▸ **PROVIDED ENTRIES**
* * * *

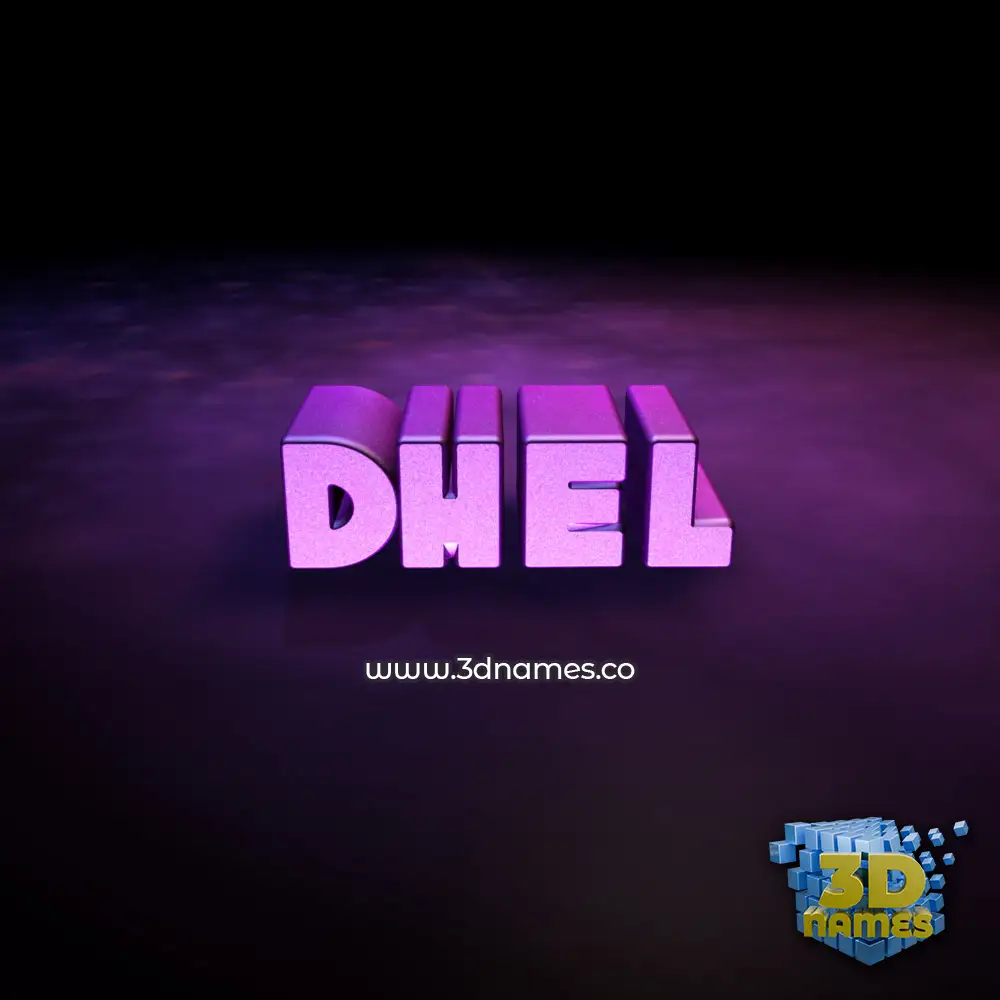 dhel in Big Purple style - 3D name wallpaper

* * * *

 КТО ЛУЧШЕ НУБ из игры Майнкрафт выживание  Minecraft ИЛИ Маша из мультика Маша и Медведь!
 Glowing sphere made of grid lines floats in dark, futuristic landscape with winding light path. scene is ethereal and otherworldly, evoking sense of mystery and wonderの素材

* * * *

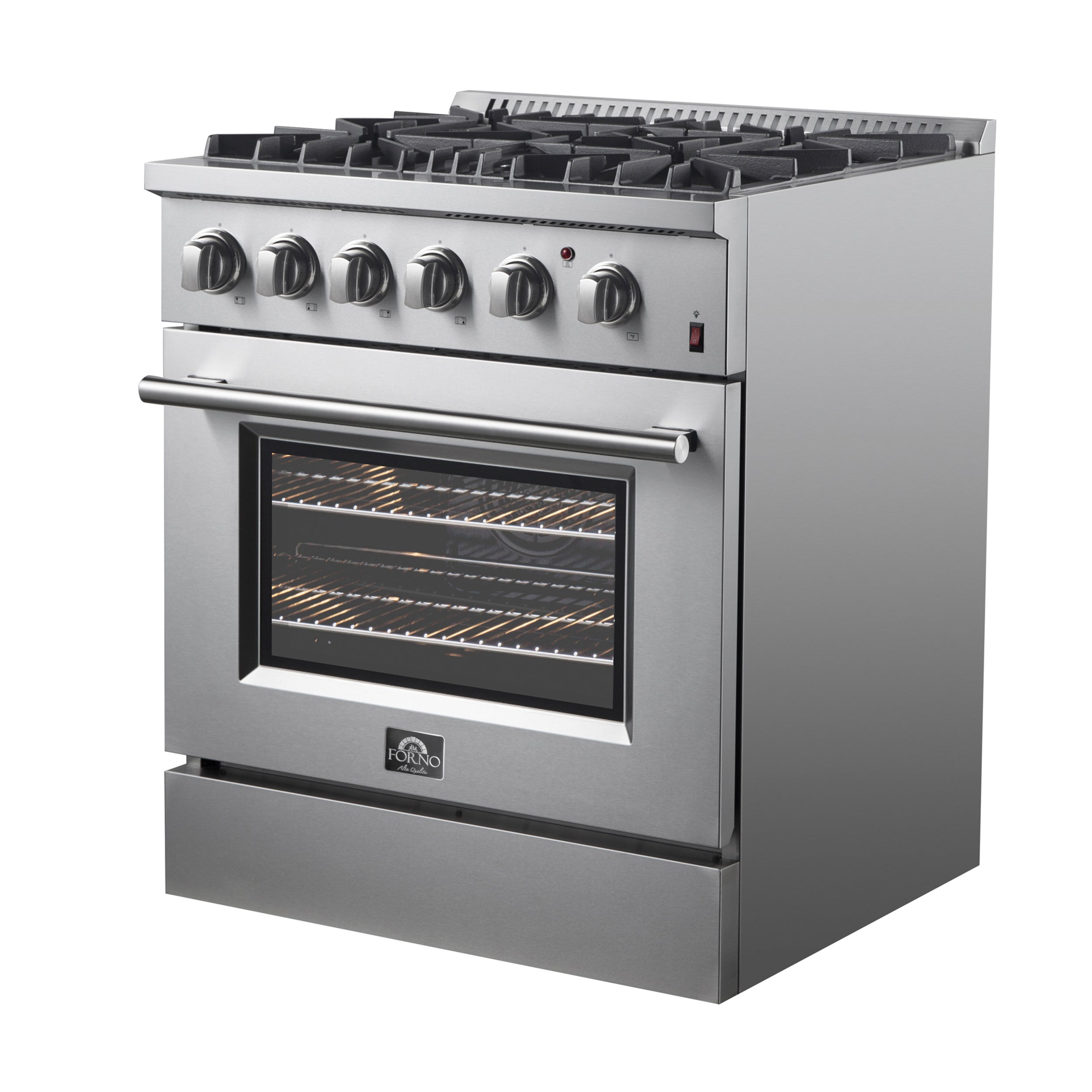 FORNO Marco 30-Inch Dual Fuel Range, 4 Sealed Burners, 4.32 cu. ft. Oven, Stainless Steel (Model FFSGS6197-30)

* * * *

▸ **THE TASK**
Find the line with "КТО ЛУЧШЕ НУБ" in the entries above. Retype it and each line after it, exactly, through the line with "Glowing sphere made", and stop there.

▸ **EXERCISE RESULT**
 КТО ЛУЧШЕ НУБ из игры Майнкрафт выживание  Minecraft ИЛИ Маша из мультика Маша и Медведь!
 Glowing sphere made of grid lines floats in dark, futuristic landscape with winding light path. scene is ethereal and otherworldly, evoking sense of mystery and wonderの素材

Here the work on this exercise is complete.